A dry growing season of the past has threatened Christmas present and future.
Christmas tree farms across the country are reporting losses due to extreme temperatures and drought during the summer months.
A Tennessee Agriculture news release stated, "Most losses have been reported in White Pine and Leland Cypress trees."
The same trees are grown at Brown's Holiday Farm on Highway 31 in Gallatin.
"These Leland Cypress will grow four, five feet a year," said Owner Steve Brown.
Brown has planted, grown, and trimmed trees for 14 years.
This year, his business nearly dried up.
"I had small trees, and they just didn't establish good root systems," he said. "So when we had that 113 degree weather, they just died."
Brown lost 450 trees.
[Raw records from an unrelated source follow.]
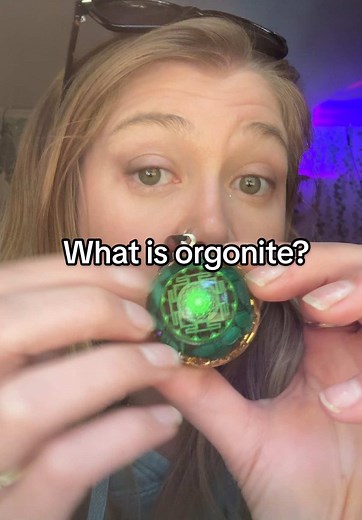 Malachite Orgonite Pendant: Your Energy Transformer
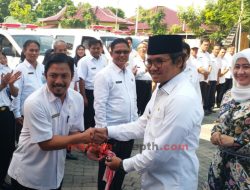 Bupati Bangkalan Serahkan 15 Unit Mobil Ambulan Puskesmas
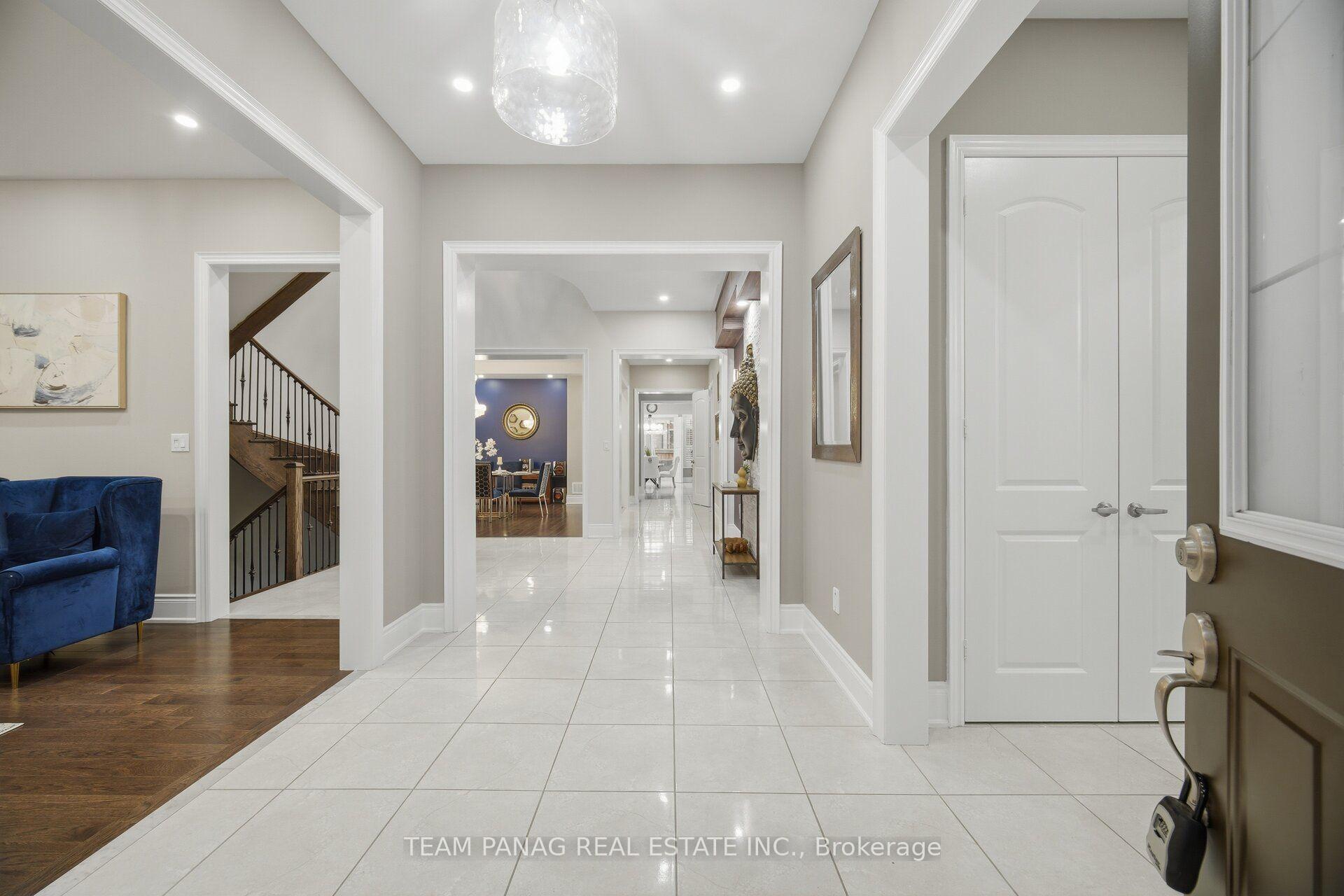 Photo 12 of 7 Balloon Crescent, Brampton, Toronto Gore Rural Estate — HOMEH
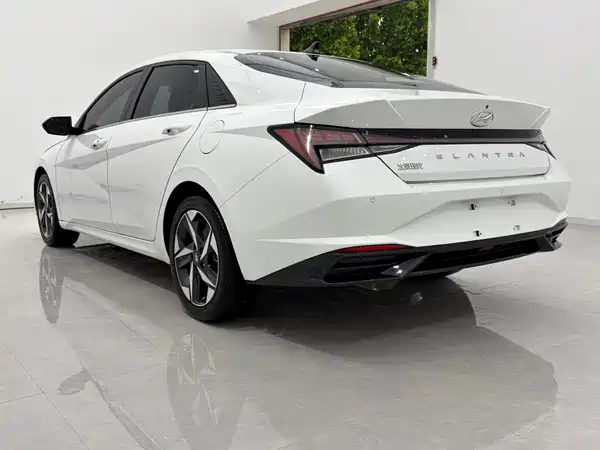 Hyundai Elantra 2022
Like many growers, most of his losses were newly planted seedlings that take four to six years to mature.
"It's not like regular farming where you can lose a crop one year and come back the next year," Brown said.
Brown lost 5,000 trees to drought a few years ago. Since then, he scaled back his business.
After this year's loss, Brown has 1,000 trees ready to go on his chop-your-own-tree farm.
"I'll plant again next year and probably have enough leftover residual trees to have plenty for next year too," he said.
Other growers will not have the luxury.
According to the State Agriculture Department, "one to three new seedlings are planted for every three harvested to ensure a constant supply."
Some tree growers are reportedly cutting fewer trees this year to shore up crops in the years to come. That could mean an uptick in price.
Christmas trees are considered renewable, eco-friendly holiday decorations. Unlike artificial trees, living trees contain no petroleum products and are biodegradable and recyclable.